Where Roof’s black and white conception of the world stem from at the moment remains unknown. His uncle Carson Cowles drew a picture of an unnerving youth, who had later secluded himself in puberty from his family and friends.

“He was often alone,” said Cowles in the Washington Post. After the separation of his parents Roof grew up with his father and his [father’s] new wife. When he couldn’t pass the ninth grade, he left high school without graduating. In the following year he spent his days mostly in front of the computer.

On his Facebook page he presents himself with an old-fashioned bowl-cut, proud on the hood of his car, prominently displaying a bumper sticker of the red-white-and-blue Confederate Flag, which, during the American Civil War, was a symbol of southern self-determination. Today it is a disputed symbol of racism, although often interpreted as “Southern Pride.” According to a former classmate speaking to the website The Daily Beast, Roof took to LSD, cocaine and prescription drugs.

Father Gave Him a Gun on His Birthday

“He made racists jokes,” remembered his school friend. He hadn’t taken Roof’s sayings seriously. That Roof possessed a gun – he couldn’t have known that. His father had allegedly gifted him his first semi-automatic Glock pistol at the end of April, on his 21st birthday.
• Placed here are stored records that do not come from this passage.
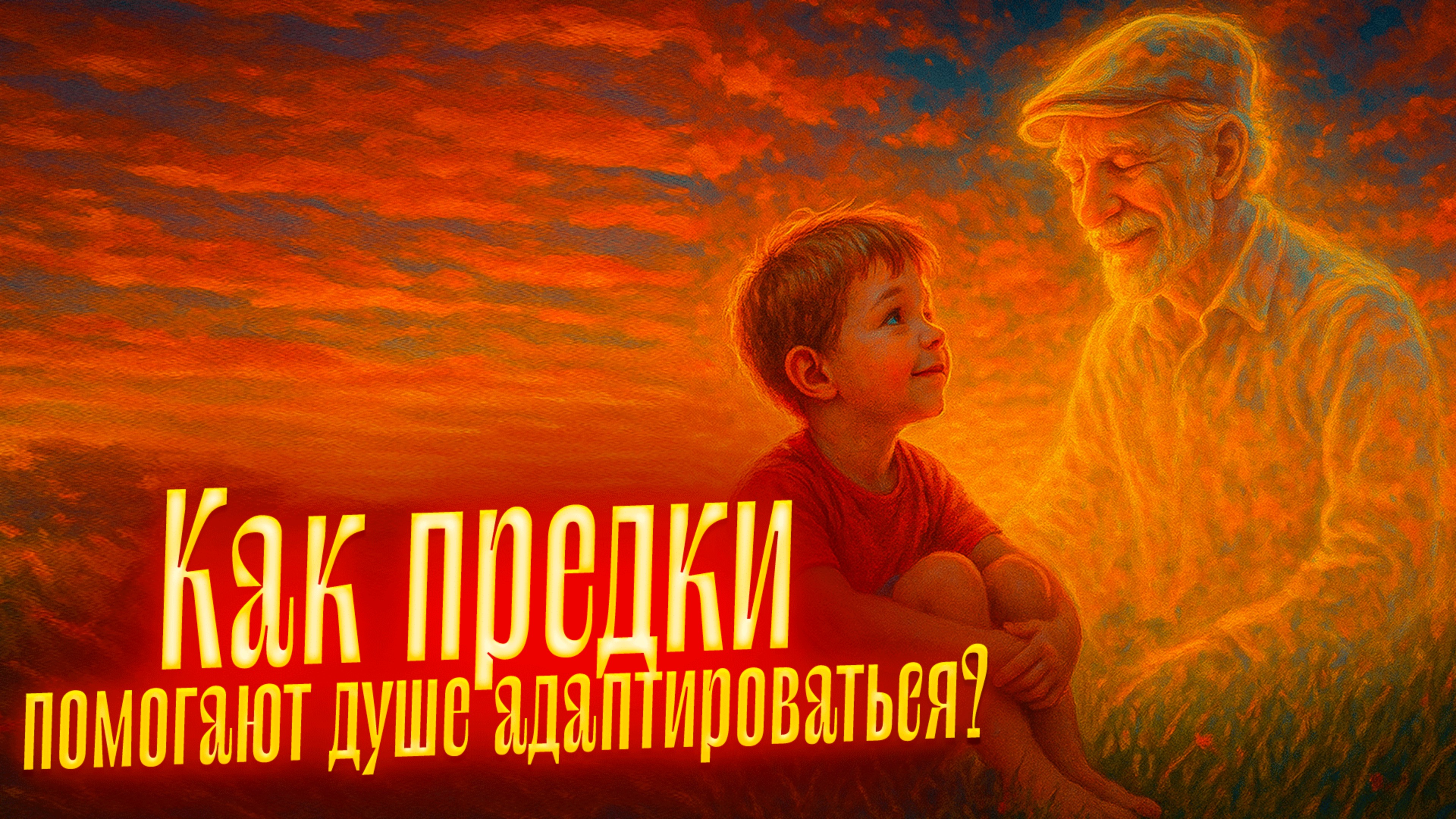КАК ПРЕДКИ ВСТРЕЧАЮТ И ПОМОГАЮТ ДУШЕ АДАПТИРОВАТЬСЯ || Просмотр со слипером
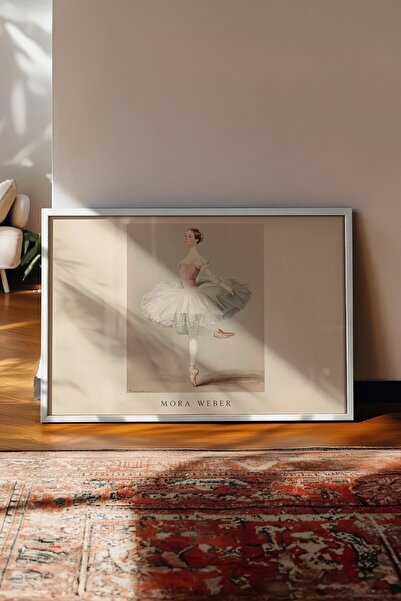 Postifull Винтидж картина, плакат с бяла рамка, винтидж декорация за стена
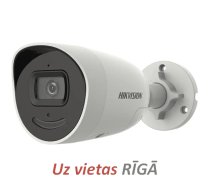 4K IP kamera 8 Mpx DS-2CD2086G2-IU/SL 2.8mm HikVision ar mikrofonu un skaļruni PoE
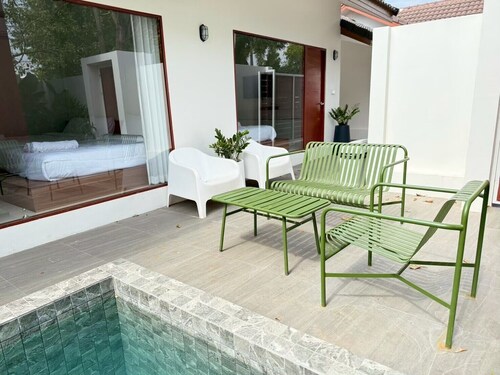 Dubble DD residenceresort
5 minutes to Robinson Kamphaeng Phet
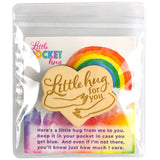 Little Pocket Hug with Card - 12 Pieces Per Retail Ready Display 22873 KIPP BROTHERS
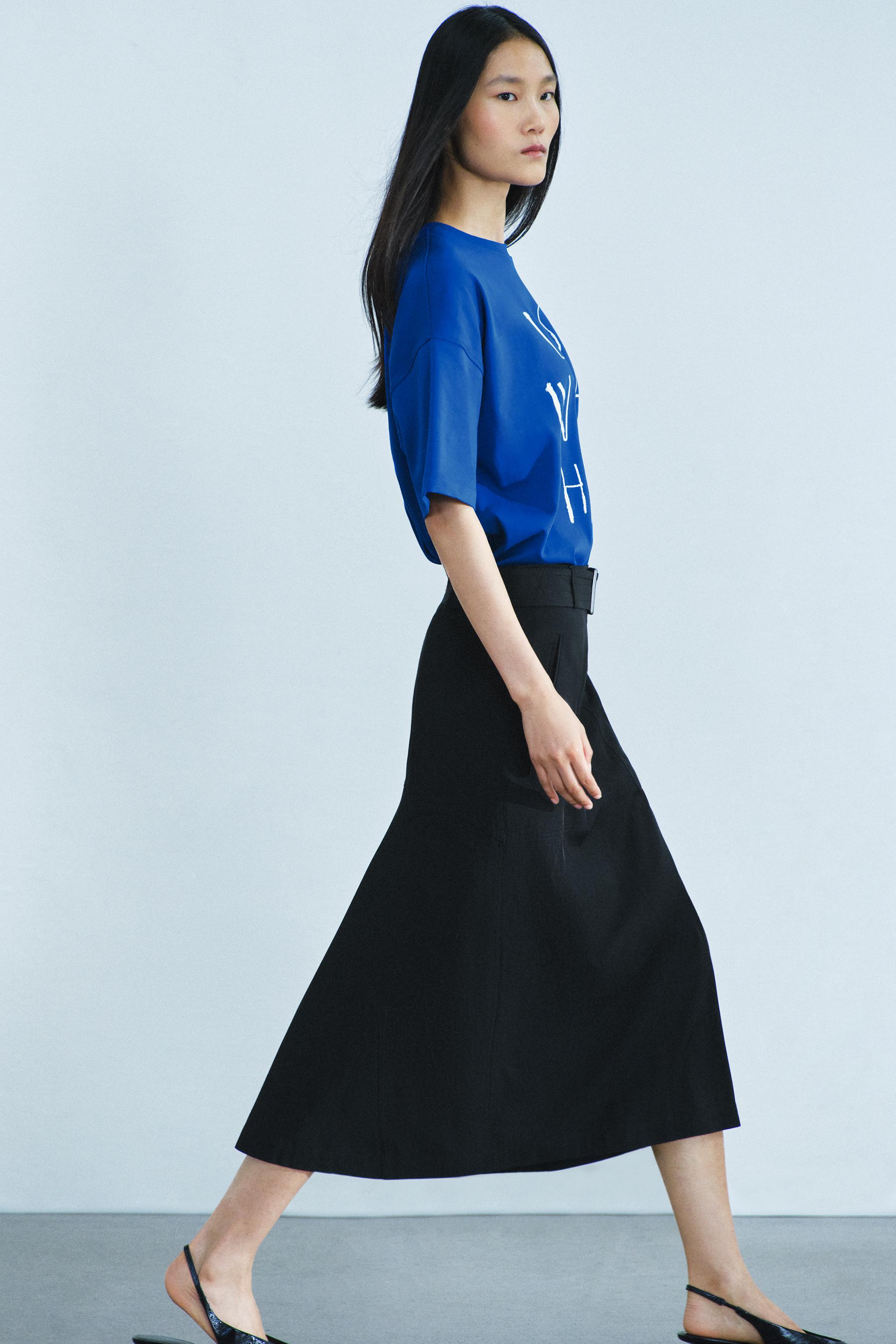 COPENHAGEN TEXT T-SHIRT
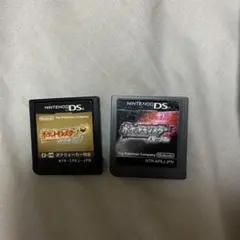 ポケモン　ポケットモンスター ハートゴールド　ソウルシルバー　DS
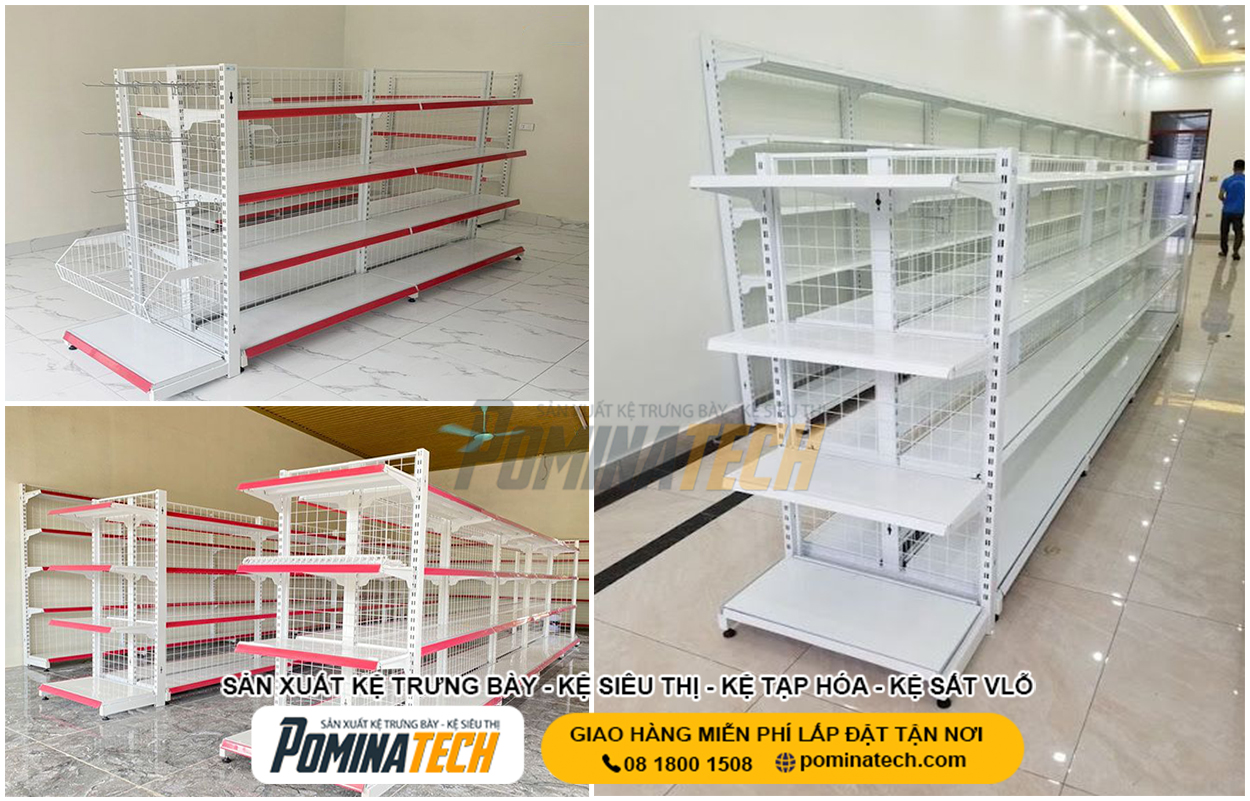 Kinh Nghiệm Chọn Kệ Tạp Hóa Phù Hợp Cho Mọi Diện Tích Cửa Hàng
Roof waits for the first hearing on October 23rd, facing charges on nine counts of murder and unauthorized possession of a firearm. His family read aloud a statement during his court-appointed defense council, “Words cannot express our shock, grief and disbelief as to what happened that night. Our thoughts and prayers are with the families and friends of those killed this week.”

Roof’s 27-year-old sister, Amber, who recognized her brother on the Emanuel Church’s surveillance video and notified the police, called off her wedding this Sunday. Roof is not to have been on the guest list.